Ensuring consistency and structure
As we already defined, spans are structured events describing interesting operations.
A span’s start time, duration, status, kind, and context are strongly typed – they enable correlation and causation, allowing us to visualize traces and detect failures or latency issues.
The span’s name and attributes describe an operation but are not strongly typed or strictly defined. If we don’t populate them in a meaningful way, we can detect an issue but have no knowledge of what actually happened.
For example, for client HTTP calls, beyond generic properties, we want to capture at least the URL, method, and response code (or exception) – if we don’t know any of these, we’re blind. Once we populate them, we can start doing some powerful analysis with queries over such spans to answer the following common questions:
- Which dependency calls were made in the scope of this request? Which of them failed? What was the latency of each of them?
- Does my application make independent dependency calls in parallel or sequentially? Does it make any unnecessary requests when they can be done lazily?
- Are dependency endpoints configured correctly?
- What are the success or error rates and latency per dependency API?
Note
This analysis relies on an application using the same attributes for all HTTP dependencies. Otherwise, the operator that performs the queries will have a hard time writing and maintaining them.

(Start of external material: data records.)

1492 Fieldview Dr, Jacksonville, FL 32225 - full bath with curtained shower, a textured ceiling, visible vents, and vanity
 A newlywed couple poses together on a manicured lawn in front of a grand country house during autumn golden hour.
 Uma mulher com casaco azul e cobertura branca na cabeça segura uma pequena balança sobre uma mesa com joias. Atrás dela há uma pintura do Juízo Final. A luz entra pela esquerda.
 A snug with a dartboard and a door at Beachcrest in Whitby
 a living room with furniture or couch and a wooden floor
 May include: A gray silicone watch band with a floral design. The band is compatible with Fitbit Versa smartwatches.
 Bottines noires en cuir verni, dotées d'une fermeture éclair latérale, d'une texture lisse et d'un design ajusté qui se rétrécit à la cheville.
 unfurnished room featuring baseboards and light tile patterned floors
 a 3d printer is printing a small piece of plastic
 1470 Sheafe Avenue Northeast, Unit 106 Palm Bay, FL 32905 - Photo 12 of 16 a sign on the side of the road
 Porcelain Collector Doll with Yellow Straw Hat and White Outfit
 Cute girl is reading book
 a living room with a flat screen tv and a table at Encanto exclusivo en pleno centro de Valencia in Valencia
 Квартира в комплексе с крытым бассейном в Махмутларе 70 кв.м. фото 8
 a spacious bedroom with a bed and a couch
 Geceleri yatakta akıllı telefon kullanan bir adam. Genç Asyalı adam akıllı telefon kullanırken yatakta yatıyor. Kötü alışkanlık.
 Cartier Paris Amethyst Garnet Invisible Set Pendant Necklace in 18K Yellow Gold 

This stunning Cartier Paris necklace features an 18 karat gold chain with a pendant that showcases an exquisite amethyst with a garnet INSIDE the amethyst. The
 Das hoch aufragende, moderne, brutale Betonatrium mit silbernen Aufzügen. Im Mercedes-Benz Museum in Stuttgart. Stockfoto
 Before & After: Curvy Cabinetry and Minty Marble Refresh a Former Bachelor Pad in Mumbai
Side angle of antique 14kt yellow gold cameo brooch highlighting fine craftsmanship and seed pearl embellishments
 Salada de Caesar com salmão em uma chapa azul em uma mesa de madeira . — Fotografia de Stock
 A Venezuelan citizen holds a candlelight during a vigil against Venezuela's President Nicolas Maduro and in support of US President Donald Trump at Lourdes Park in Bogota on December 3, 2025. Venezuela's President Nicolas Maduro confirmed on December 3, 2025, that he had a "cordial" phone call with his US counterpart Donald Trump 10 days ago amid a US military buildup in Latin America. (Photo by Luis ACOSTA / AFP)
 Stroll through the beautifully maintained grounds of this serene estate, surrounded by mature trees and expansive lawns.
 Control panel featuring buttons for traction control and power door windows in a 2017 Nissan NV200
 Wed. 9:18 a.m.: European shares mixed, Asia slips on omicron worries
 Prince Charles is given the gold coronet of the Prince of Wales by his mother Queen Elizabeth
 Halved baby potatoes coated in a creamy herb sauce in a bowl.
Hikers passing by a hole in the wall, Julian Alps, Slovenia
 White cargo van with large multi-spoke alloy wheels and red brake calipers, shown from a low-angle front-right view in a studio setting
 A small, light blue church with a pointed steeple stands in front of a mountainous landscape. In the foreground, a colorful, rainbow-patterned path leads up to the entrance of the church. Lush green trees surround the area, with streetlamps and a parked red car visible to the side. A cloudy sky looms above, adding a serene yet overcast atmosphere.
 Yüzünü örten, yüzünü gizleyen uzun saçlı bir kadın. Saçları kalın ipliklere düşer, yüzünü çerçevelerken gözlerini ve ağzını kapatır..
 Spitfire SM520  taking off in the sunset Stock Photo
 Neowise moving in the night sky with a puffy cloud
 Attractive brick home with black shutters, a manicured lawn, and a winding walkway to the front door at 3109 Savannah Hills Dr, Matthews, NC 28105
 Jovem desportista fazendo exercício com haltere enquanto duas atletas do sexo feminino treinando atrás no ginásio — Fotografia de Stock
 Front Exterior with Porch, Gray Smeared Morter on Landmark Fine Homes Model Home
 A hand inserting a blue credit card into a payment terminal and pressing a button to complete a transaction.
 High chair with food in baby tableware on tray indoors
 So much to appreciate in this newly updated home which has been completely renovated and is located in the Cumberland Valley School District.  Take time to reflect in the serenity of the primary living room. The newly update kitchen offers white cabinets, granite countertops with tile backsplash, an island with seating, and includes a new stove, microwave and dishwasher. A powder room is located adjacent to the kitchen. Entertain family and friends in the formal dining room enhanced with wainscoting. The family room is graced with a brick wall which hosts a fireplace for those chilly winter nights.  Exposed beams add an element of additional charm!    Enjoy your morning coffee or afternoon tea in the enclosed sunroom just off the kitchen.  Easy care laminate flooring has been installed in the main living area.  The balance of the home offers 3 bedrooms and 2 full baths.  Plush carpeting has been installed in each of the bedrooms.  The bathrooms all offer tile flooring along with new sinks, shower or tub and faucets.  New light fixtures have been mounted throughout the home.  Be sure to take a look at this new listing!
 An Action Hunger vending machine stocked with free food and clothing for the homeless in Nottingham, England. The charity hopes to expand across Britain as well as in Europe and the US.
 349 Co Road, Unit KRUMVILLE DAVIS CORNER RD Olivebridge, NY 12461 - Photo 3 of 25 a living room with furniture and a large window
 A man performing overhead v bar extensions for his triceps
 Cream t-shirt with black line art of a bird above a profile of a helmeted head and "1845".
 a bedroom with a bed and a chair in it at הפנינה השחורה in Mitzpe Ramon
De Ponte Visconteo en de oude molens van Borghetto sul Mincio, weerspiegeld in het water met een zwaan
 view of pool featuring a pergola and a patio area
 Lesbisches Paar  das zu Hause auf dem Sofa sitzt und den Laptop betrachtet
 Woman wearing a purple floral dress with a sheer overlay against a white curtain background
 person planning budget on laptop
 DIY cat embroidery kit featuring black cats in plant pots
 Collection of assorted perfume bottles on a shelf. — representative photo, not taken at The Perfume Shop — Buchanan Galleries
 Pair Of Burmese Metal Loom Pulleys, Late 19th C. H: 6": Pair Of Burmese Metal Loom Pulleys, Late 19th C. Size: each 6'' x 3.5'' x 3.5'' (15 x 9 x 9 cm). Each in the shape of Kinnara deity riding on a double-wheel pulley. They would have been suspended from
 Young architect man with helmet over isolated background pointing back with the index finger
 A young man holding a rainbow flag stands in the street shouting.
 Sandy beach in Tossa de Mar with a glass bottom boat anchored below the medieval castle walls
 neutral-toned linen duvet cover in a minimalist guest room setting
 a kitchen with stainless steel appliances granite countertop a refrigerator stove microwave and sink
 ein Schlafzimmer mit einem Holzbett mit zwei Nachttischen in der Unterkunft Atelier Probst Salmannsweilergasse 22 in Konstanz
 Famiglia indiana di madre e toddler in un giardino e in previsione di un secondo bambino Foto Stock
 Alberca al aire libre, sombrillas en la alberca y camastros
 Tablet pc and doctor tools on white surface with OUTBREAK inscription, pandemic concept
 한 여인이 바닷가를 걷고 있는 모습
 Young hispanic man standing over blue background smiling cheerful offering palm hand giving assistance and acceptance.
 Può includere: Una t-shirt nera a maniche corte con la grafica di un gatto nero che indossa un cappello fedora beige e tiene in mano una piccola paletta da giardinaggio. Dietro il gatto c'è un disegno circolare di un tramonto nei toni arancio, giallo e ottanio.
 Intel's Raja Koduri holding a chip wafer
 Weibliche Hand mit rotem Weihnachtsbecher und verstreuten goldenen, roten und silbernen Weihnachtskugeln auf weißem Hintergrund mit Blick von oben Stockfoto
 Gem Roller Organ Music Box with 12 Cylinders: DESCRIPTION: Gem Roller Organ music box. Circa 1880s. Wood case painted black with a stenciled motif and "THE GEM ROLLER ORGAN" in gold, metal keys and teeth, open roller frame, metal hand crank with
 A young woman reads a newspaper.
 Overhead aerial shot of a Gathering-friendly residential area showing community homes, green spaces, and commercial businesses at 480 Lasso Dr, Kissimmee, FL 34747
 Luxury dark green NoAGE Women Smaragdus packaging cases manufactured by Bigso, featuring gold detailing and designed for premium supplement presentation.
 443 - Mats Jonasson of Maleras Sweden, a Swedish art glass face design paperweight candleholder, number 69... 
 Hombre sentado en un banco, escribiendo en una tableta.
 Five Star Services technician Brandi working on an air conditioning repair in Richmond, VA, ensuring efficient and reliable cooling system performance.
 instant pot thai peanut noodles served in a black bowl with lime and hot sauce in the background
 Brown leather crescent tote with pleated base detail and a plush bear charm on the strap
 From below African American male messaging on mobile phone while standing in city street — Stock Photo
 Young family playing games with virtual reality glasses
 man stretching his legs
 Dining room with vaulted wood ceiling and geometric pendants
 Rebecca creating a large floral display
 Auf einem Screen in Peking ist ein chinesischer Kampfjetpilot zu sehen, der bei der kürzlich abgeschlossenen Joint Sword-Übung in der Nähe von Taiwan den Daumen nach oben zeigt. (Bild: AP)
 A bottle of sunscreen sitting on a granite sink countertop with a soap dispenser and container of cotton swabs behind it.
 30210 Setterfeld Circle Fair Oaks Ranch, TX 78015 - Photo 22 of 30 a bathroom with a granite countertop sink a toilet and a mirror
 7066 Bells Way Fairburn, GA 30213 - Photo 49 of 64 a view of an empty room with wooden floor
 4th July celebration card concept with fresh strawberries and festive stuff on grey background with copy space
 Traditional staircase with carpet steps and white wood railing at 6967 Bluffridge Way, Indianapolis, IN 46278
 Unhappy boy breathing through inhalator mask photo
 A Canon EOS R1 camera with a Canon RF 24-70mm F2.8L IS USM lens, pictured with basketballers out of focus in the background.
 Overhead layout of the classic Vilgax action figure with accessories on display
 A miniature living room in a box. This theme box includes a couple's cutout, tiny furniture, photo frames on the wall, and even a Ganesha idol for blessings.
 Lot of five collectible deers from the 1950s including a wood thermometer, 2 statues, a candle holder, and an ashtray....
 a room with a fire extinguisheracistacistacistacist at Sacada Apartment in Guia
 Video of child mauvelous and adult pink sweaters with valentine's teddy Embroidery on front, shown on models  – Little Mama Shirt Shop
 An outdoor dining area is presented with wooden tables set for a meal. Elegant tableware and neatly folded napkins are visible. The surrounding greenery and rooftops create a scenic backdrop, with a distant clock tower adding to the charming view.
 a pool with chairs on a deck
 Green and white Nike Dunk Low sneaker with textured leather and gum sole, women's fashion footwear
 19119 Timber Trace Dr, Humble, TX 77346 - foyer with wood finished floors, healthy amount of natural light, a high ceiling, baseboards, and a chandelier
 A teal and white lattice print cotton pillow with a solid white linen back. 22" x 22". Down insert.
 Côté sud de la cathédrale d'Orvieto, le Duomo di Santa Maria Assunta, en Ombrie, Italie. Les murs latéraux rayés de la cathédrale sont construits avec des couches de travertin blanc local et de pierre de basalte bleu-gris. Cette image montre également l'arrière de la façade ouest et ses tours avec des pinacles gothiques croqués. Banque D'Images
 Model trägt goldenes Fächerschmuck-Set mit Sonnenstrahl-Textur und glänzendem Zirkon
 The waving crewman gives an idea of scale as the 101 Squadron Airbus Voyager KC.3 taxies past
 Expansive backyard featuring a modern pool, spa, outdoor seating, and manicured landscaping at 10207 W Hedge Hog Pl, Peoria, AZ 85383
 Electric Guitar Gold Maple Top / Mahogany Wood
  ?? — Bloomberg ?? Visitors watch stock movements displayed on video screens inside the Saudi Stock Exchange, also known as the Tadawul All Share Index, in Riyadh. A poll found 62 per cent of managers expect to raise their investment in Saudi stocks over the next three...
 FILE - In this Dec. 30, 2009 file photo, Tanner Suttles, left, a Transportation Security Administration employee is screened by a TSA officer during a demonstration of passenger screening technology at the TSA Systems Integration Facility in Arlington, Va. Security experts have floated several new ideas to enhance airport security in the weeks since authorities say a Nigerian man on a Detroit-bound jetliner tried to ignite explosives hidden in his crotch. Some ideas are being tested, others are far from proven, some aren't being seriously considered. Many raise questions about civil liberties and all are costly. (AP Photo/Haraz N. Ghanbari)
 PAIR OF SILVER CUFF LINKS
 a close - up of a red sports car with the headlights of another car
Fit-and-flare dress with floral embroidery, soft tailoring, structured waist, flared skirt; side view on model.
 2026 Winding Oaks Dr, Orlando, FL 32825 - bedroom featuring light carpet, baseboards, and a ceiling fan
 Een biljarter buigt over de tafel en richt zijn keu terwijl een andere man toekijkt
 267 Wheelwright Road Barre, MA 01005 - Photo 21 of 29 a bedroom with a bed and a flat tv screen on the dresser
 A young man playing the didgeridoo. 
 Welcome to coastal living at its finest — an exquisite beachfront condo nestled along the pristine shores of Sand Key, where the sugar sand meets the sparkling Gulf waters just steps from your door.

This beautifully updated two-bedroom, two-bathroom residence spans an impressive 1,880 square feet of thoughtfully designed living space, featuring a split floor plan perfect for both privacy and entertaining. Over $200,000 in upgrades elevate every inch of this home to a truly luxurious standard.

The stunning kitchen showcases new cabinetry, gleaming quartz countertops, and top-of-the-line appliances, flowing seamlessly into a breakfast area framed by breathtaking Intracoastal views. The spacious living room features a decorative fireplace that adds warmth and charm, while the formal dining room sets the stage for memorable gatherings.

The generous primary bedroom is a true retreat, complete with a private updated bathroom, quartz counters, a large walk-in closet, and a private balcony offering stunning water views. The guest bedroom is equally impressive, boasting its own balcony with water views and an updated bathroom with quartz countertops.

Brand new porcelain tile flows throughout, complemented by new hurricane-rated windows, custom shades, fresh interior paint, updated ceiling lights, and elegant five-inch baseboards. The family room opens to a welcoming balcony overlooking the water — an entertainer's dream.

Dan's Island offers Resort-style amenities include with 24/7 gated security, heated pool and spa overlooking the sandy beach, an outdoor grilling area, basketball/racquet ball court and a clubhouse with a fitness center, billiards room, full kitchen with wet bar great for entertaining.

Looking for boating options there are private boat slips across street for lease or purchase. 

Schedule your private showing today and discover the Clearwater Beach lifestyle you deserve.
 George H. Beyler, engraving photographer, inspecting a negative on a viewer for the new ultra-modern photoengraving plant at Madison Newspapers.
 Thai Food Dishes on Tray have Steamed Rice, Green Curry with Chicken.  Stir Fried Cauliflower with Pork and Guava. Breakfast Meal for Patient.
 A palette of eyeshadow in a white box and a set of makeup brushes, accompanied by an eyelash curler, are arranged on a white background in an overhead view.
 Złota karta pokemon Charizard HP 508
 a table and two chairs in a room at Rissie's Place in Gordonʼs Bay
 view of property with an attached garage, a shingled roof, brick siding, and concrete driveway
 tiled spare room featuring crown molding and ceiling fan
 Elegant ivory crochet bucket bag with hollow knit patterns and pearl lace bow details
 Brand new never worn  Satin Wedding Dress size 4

With unified and community-driven telemetry collection taken off the observability vendor’s plate, they can now fully focus on (semi-)automating analysis and giving us powerful performance and fault analysis tools.
OpenTelemetry defines a set of semantic conventions for spans, traces, and resources, which we’ll talk more about in Chapter 9, Best Practices.
Building application topology
Distributed tracing, combined with semantic conventions, allows us to build visualizations such as an application map (aka service map), as shown in Figure 1.11 – you could see your whole system along with key health metrics. It’s an entry point to any investigation.
Figure 1.11 – An Azure Monitor application map for a meme service is an up-to-date system diagram with all the basic health metrics
Observability vendors depend on trace and metrics semantics to build service maps. For example, the presence of HTTP attributes on the client span represents an outgoing HTTP call, and we need to show the outgoing arrow to a new dependency node. We should name this node based on the span’s host attribute.
If we see the corresponding server span, we can now merge the server node with the dependency node, based on span context and causation. There are other visualizations or automation tools that you might find useful – for example, critical path analysis, or finding common attributes that correspond to higher latency or error rates. Each of these relies on span properties and attributes following common semantics or at least being consistent across services.
Resource attributes
Resource attributes describe the process, host, service, and environment, and are the same for all spans reported by the service instance – for example, the service name, version, unique service instance ID, cloud provider account ID, region, availability zone, and K8s metadata.
These attributes allow us to detect anomalies specific to certain environments or instances – for example, an error rate increase only on instances that have a new version of code, an instance that goes into a restart loop, or a cloud service in a region and availability zone that experiences issues.
Based on standard attributes, observability vendors can write generic queries to perform this analysis or build common dashboards. It also enables the community to create vendor-agnostic tools and solutions for popular technologies.
Such attributes describe a service instance and don’t have to appear on every span – OTLP, for example, passes resource attributes once per batch of spans.